■ **Task description**
Check each line of the listing below for the word "will" and say how many lines have it. Nothing else should be written.

Input material section start

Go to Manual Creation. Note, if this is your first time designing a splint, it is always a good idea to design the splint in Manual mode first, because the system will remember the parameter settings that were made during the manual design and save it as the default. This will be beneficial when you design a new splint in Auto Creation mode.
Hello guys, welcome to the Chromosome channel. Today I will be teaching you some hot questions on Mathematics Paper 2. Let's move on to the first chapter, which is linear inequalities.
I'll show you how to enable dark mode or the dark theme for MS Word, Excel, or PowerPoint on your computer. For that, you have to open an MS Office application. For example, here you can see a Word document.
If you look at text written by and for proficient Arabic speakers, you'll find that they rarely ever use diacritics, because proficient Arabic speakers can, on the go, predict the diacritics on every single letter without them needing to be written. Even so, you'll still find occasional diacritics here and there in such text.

Input material section end
Input material section start

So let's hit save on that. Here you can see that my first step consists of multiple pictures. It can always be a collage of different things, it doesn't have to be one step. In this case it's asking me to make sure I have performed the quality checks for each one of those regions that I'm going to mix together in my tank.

Input material section end

■ **Task solution**
2